The mood changed just as swiftly. ‘Besides, we have a wedding to attend!’ He slapped Allday’s shoulder. ‘Keep this one up to his word!’
Surprisingly, Allday did not respond as he had expected.
He said quietly, ‘Would you really do that, Sir Richard?’
The men in the other ships were all cheering now, the fear and pain held at bay. Until the next time.
But Bolitho heard only the words of his old friend. His oak.
Somewhere in the past he could recall a signal he had once made. It seemed very apt for this moment, for this special man.
‘I will be honoured,’ he said.
* * *
Epilogue
* * *
Richard Bolitho gripped the tasselled strap as the carriage swayed and shuddered into some deep ruts like a small boat in a choppy sea. He felt drained, and every bone in his body was aching from this endless journey. In his tired mind it all seemed to overlay in vague, blurred pictures, from the moment he had stepped ashore at Portsmouth to be whisked immediately to London to make his report.
All the while he had been yearning to get away, to begin the long, long drive from that world to his own West Country. Surrey, Hampshire, Dorset, Devon. He could not remember how many times they had stopped to change horses, how many inns they had visited. Even when he had broken the journey to spend a night in one of the coaching inns the images seemed confused. People who had stared at him, wondering what business was taking him westward but too nervous or polite to ask. The smells of meat puddings and mulled ale, saucy-eyed servant girls, jovial landlords who lived off the coaching trade with far more success than the highwaymen.

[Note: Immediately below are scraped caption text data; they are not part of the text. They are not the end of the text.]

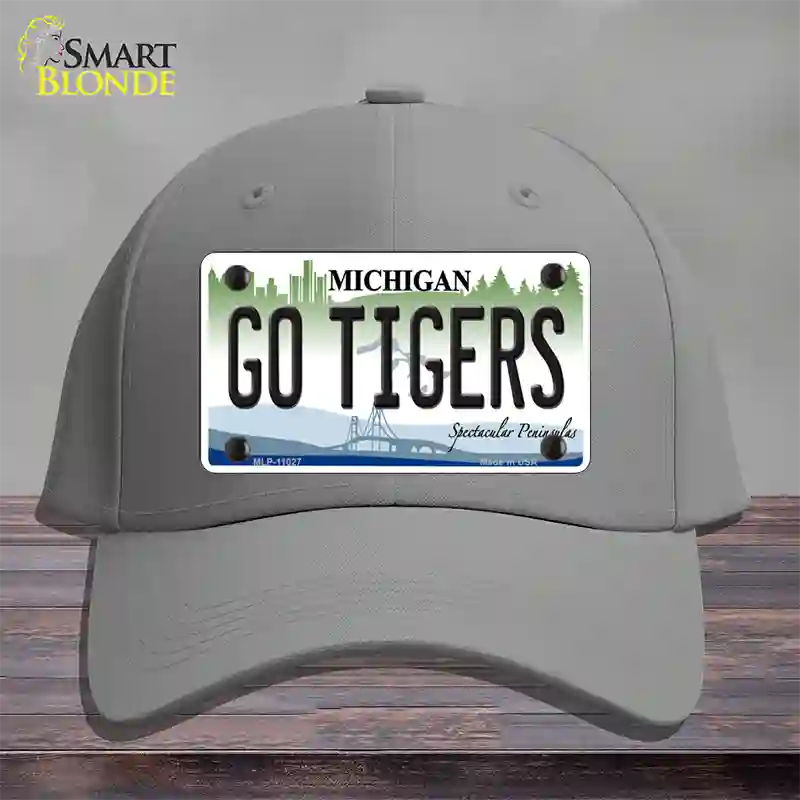 Go Tigers Michigan Novelty License Plate Hat Cotton / Gray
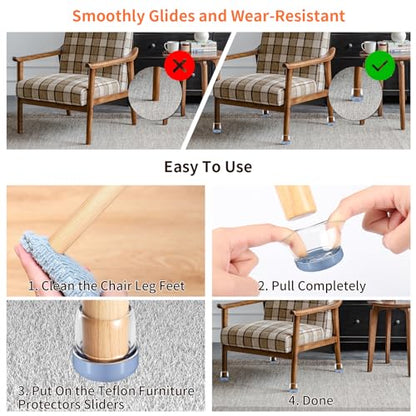 Chair Sliders for Carpeted Floors,16 Pcs Chair Glides Round Furniture Sliders Carpet,Chair Leg Floor Protectorst,Make Furniture Glides Move Easy(Fit 0.55-0.75", Clear) - size: Small(fit:0.55"-0.75")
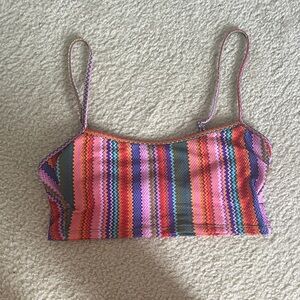 Colorful Striped Bikini Top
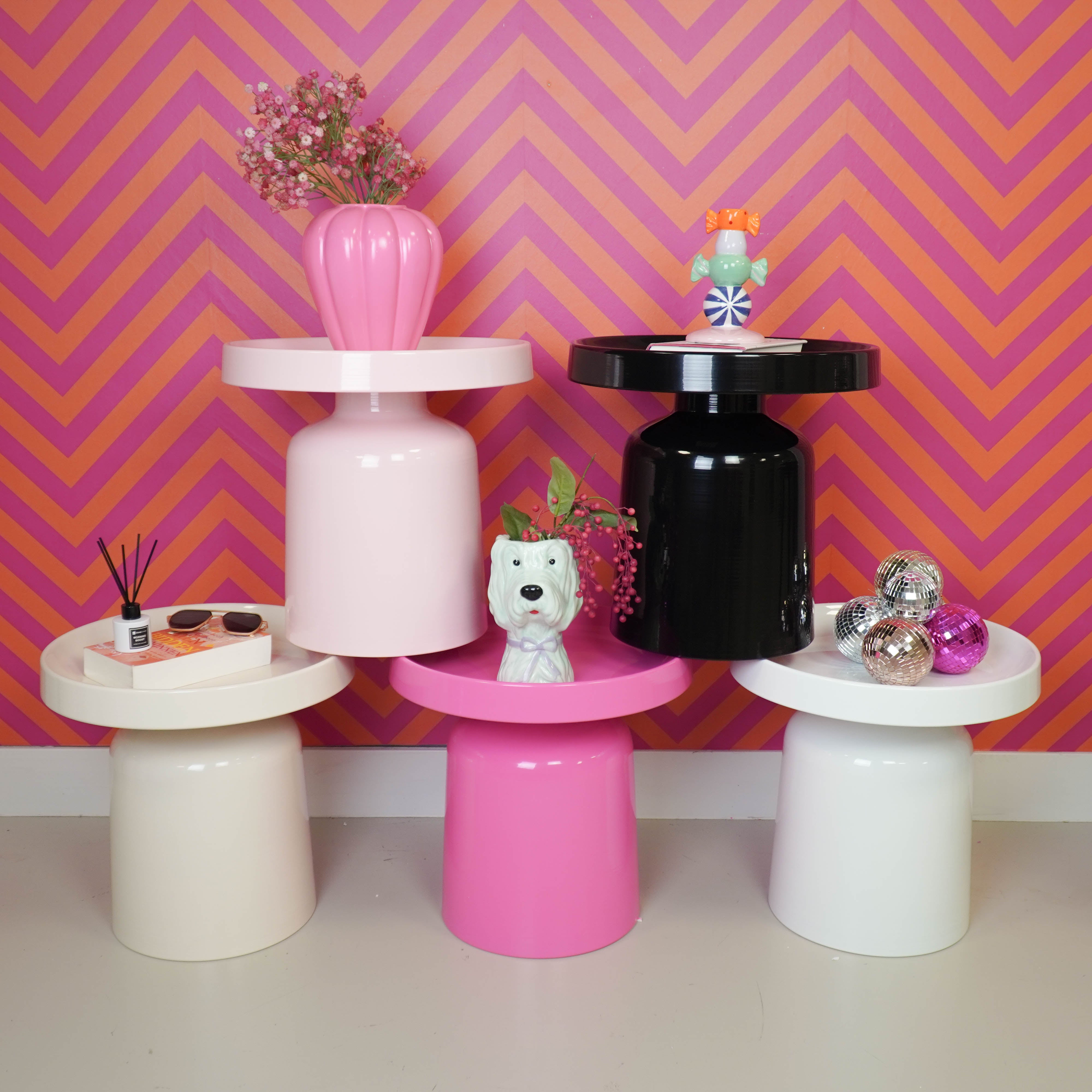 Bijzettafel - Pion - Neon Roze - Metaal - 43x42cm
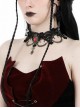 Gothic Dark Style Flower Lace Hollow Embellished Retro Bronze Metal Heart Decorated Palace Gorgeous Necklace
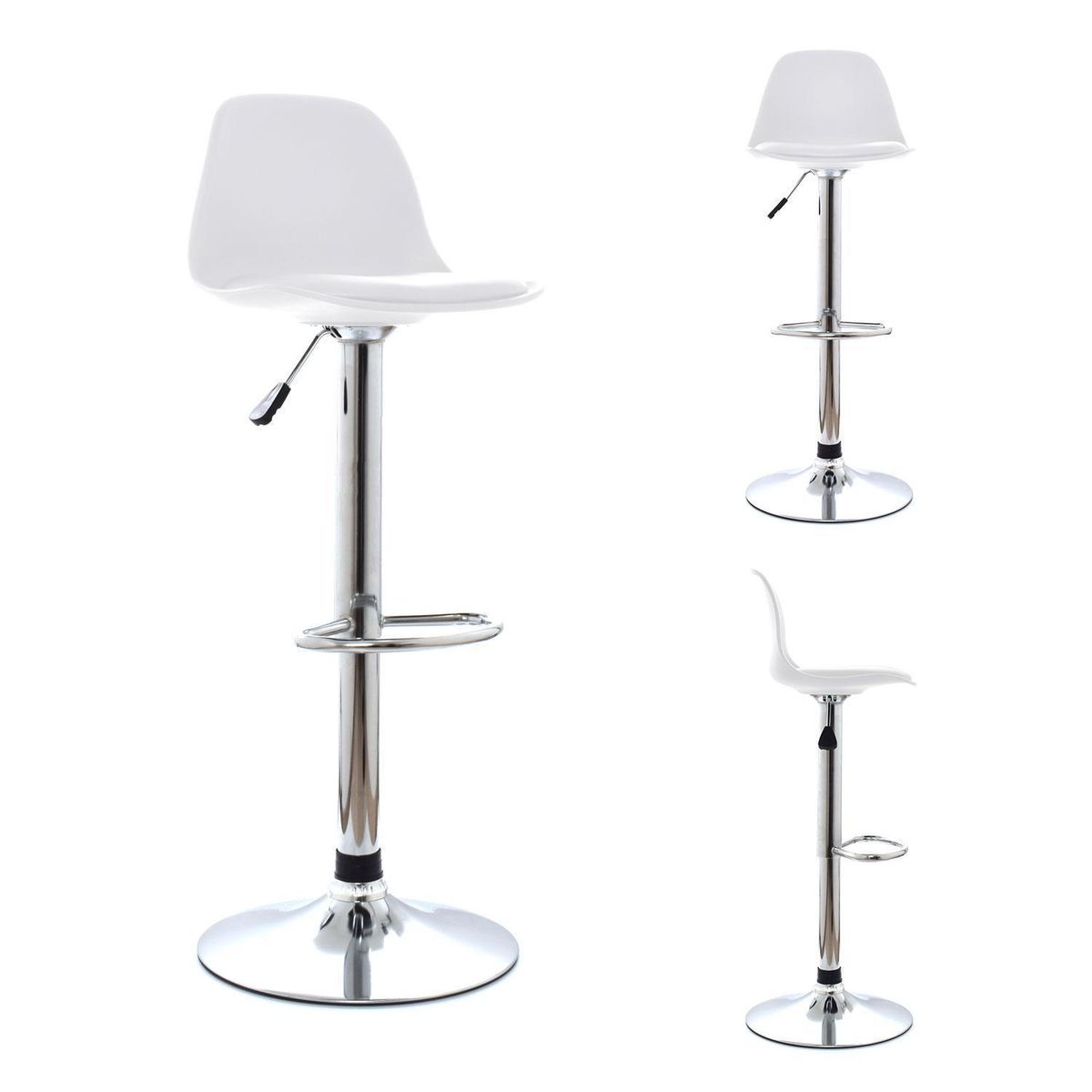 BONNO - Set x3 Banco Bar Giratorio Boat Blanco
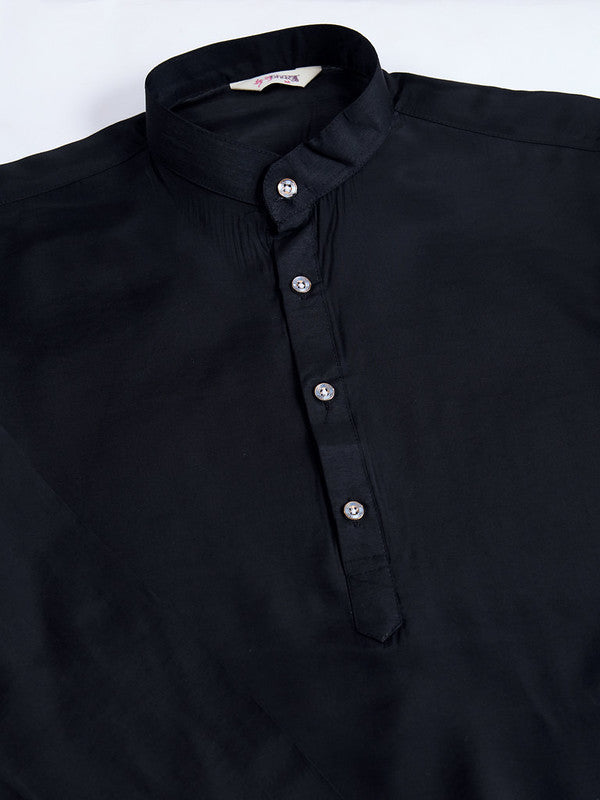 Black kurta set with Sequence Self Weaving Jacquard Design Koti Work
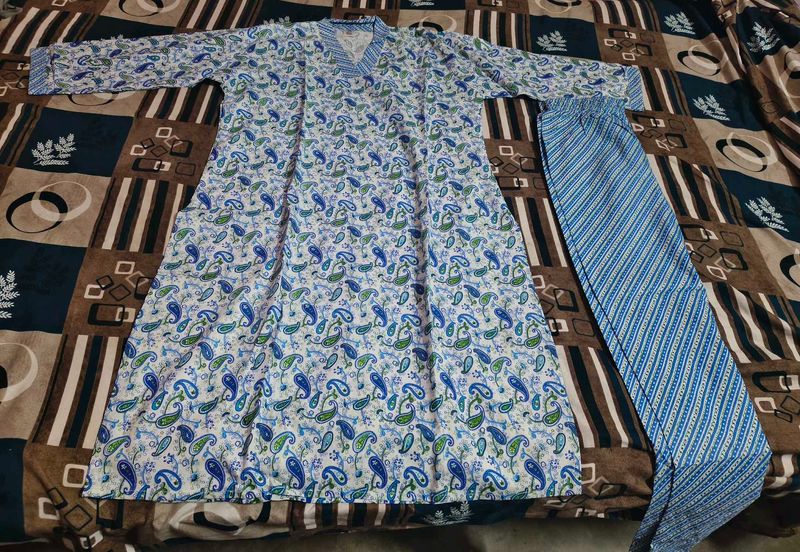 Blue Paisley Print Kurta Set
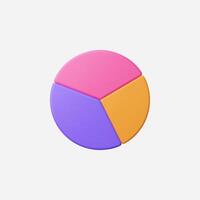 A vibrant pie chart divided into three colorful segments. vector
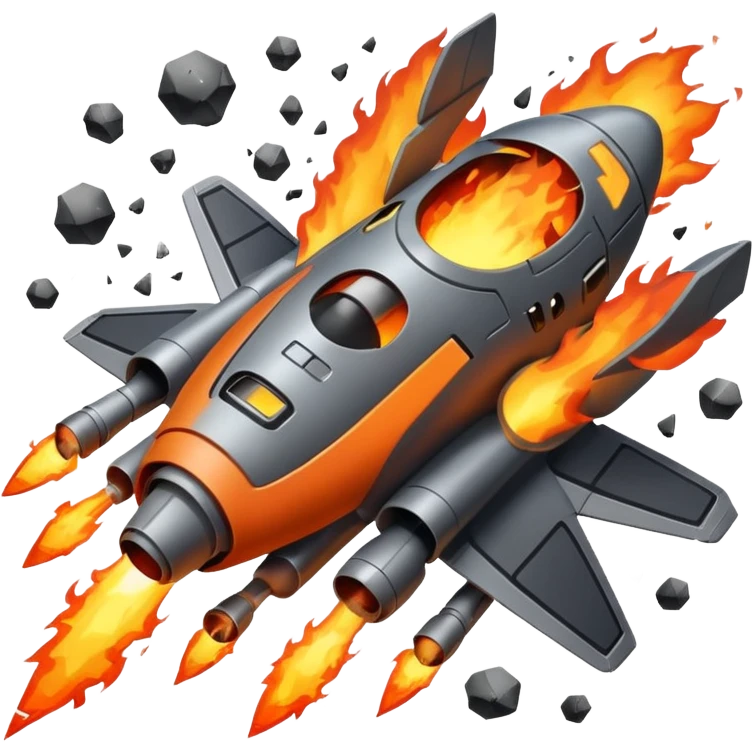 Spaceship blowing up emoji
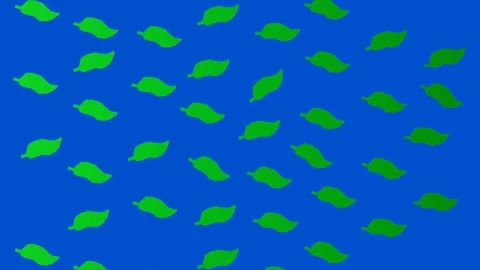 Falling 3D Green Leaves Pattern on Blue Background Stock Footage 306947597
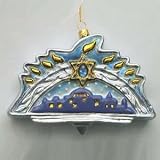 Polonaise Menorah Hanukkah Glass Holiday Ornament #AP3112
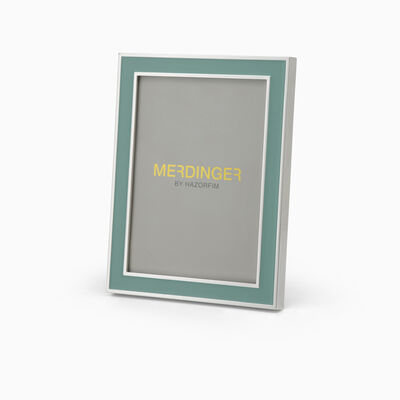 Green and Silver Enamel Photo Frame Silver-Plated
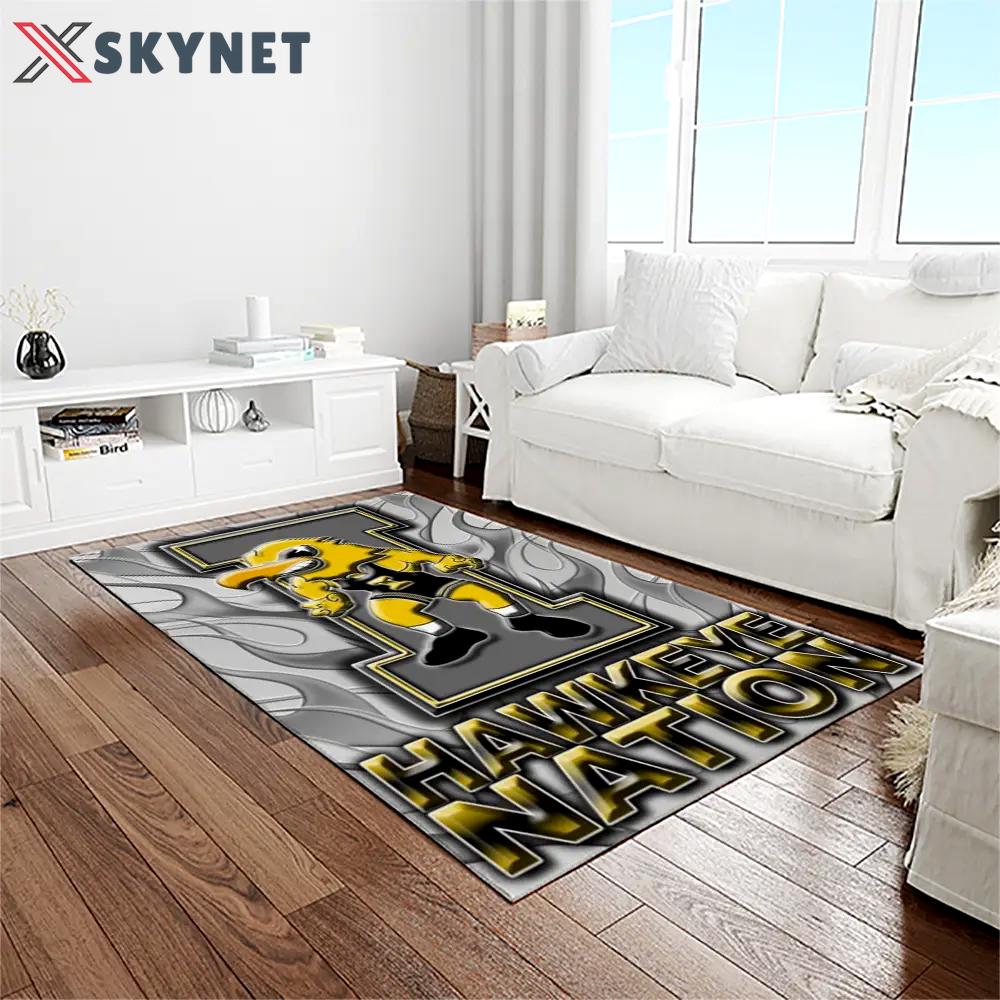 Ncaa iowa hawkeyes college sport basketball and foolball team logo rectangle area rug iwh09 Rectangle Rug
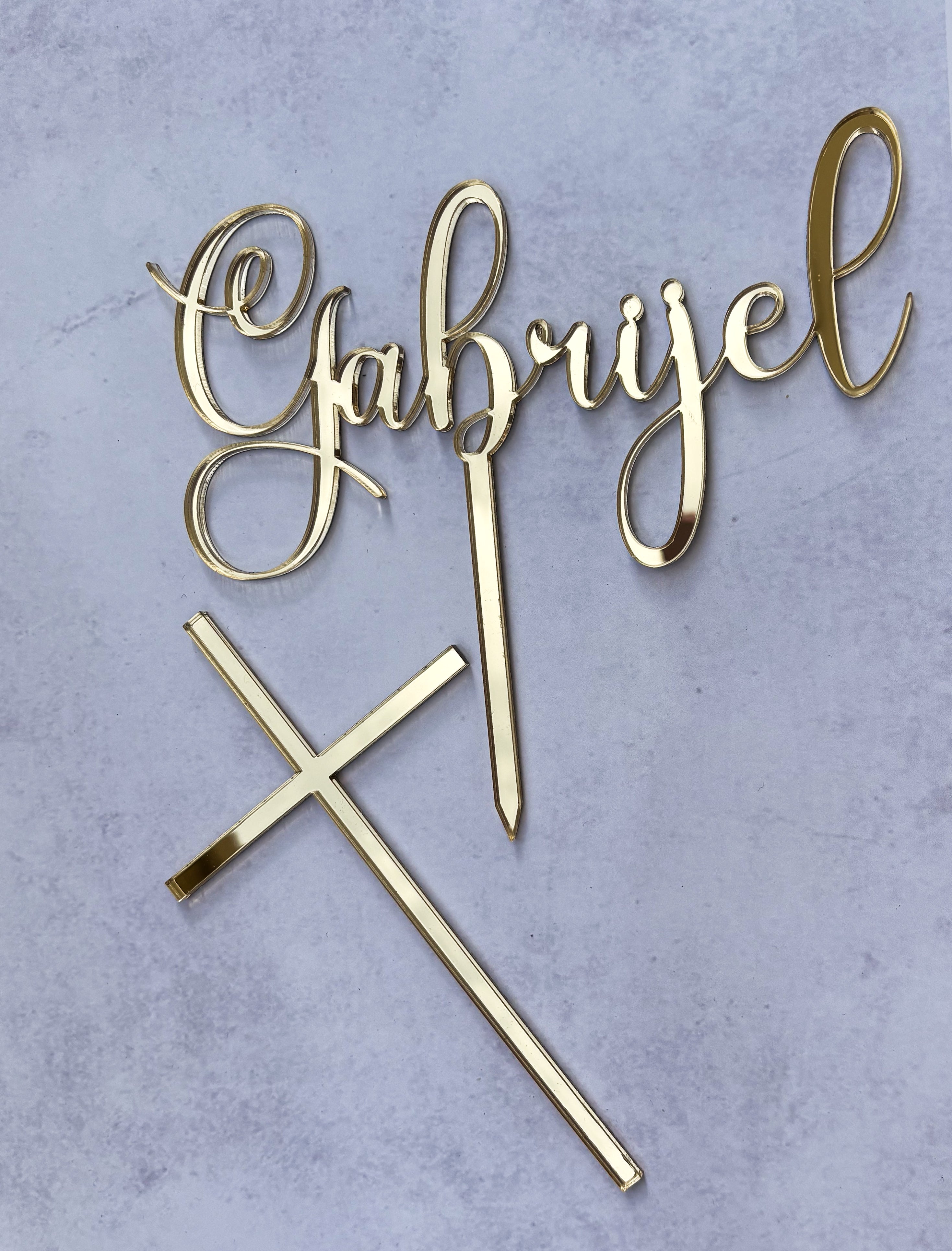 Pleksiglas set s imenom i križem – mirror gold / silver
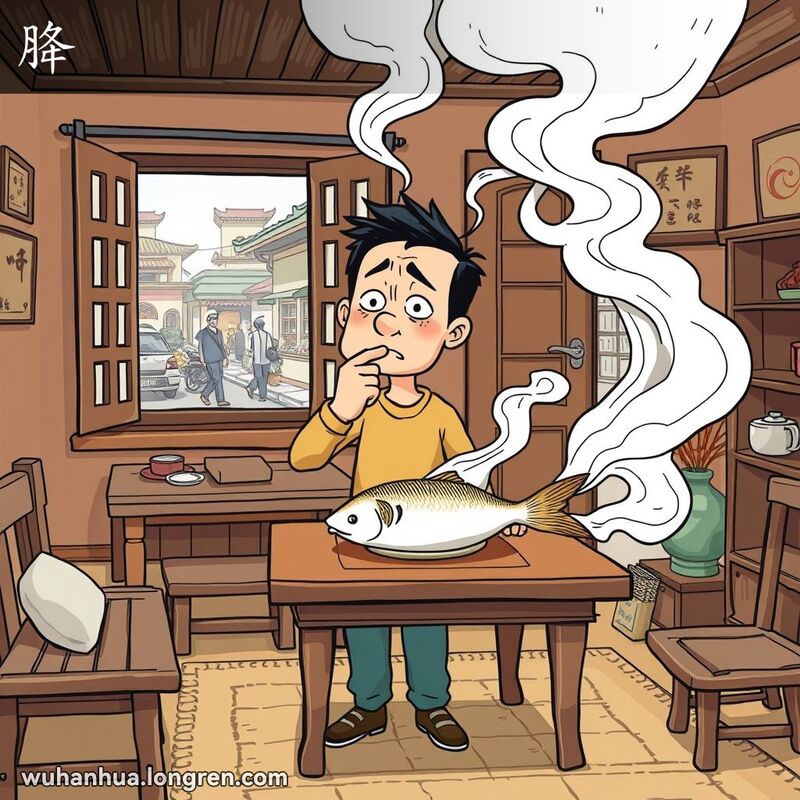 一个人在充满不好气味的房间里，捏着鼻子，露出厌恶的表情，背景是武汉街景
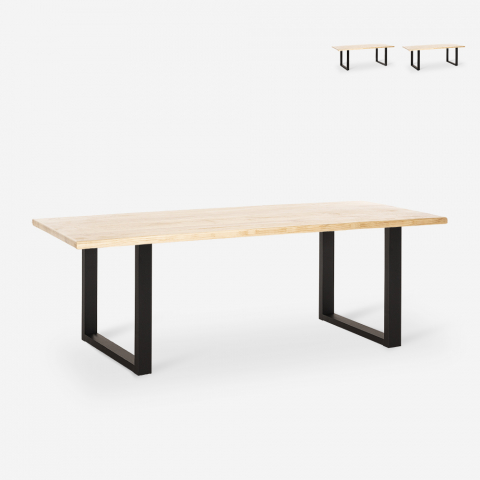 Table à manger design rectangulaire en bois de style industriel 200x80 Rajasthan 200 Promotion
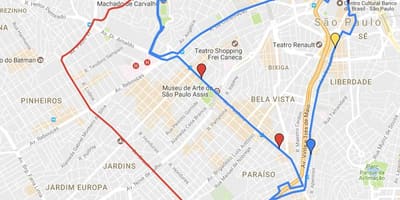 แผนที่ของแบบวงกลม turismo São Paulo-บรรทัด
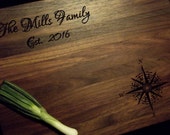 Personalized Butcher Block Hardwood WALNUT Cutting Board 10x13.  COMPASS DESIGN Perfect Gift for Christmas, Wedding, Anniversary or B-Day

Opposite him Allday sprawled across his seat, his bronzed face rested and untroubled in sleep. Like most sailors he could sleep anywhere, if an opportunity offered itself.
It was hard to accept that he was in England after all that happened.
Baratte was dead, and even Tyacke, who had searched the whole area in his Larne, had found no living soul to survive the terrible explosion.
Under jury-rig and nursing their injuries and damage, the ships, including the two French prizes, had crawled back to Cape Town. There, to his astonishment, Bolitho had found fresh orders requiring him to hand over his command to Commodore Keen and return home. They had passed Keen’s convoy on passage but not close enough to communicate. Bolitho’s flag at the fore would tell Keen all he needed to know. The way ahead was clear, and the first military landings on the islands adjoining the main objective, Mauritius, could go ahead.
Bolitho wiped the window with his sleeve. They had made an early start, as they had on most mornings when the road had been a good one. Bare, black trees, wet from overnight mist or rain, the rolling fields and hills beyond. He shivered, and not only with excitement. It was November and the air was bitter.
He thought of the good-byes and the unexpected partings. Lieutenant Urquhart had been left in charge of Valkyrie, supervising the repairs until a new captain was appointed. That was the strangest thing of all, Bolitho thought. Trevenen had vanished on the final night before making their landfall at Good Hope. A twist of fate? Or had he been unable to face the consequences of what he had done when Bolitho had been wounded? He had left no letter, no declaration. The ship had been searched from cable tier to orlop: it had been just as if he had been spirited away.
Or it might have been murder. Either way, the part played by Hamett-Parker in getting Trevenen such an important command might be reopened because of it.
Farewells. Tyacke, grave and strangely sad, able to forget his disfigurement while they had shaken hands: friends or brothers, they were both.
And Adam, whose Anemone had seen the worst of the fighting and had suffered the most casualties. Adam had spoken of them with pride and with a deep sense of loss. Two of his lieutenants had been killed. His voice had been full of unashamed emotion when he had described how they had grappled with the Chacal, which had been flying Baratte’s own flag, and one of his midshipmen, called Dunwoody, had fallen. ‘I had recommended him for early promotion. He will be greatly missed.’